Whether sold to companies or consumers, wireless handhelds are more lucrative than nonwireless because of monthly connection revenues, which manufacturers like Palm share with network operators. But corporate deals offer the fattest margins because of the long-term service and software contracts that accompany sales to these customers.

In addition, once you snare a corporate customer, you keep him, says Bill Crawford, analyst at U.S. Bancorp Piper Jaffray. Corporate customers tend to spend a long time investigating a product, and work with their providers to fix problems and make the investment work.

Still, the most likely target market for the i705 is the approximately 180,000 users of the Palm VII, for whom if offers a "compelling upgrade," said Andrew Scott, analyst at Needham. "It will also be attractive to some enterprise customers that need a wireless data solution today and are unwilling to wait six months to a year to wait for next-generation products," he said. But in a weak IT spending environment, there may be a lot of companies that are willing to wait.

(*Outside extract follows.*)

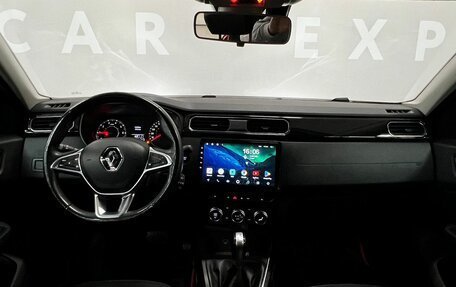 Renault Arkana I, 2020 год, 1 500 000 рублей, 9 фотография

The i705's biggest competition will be Research in Motion's BlackBerry, in that both are tailored to the corporate market, with real-time email and data transfer. Handspring's Treo, which has voice calling, is aimed at the consumer market and is facing delays.

In the meantime, the wireless and PC sectors are set to give the handheld makers a run for their money with their own handheld computers and combination wireless-phone organizers later this year. Microsoft has already launched several versions of its pocket PC, and



offers the iPaq.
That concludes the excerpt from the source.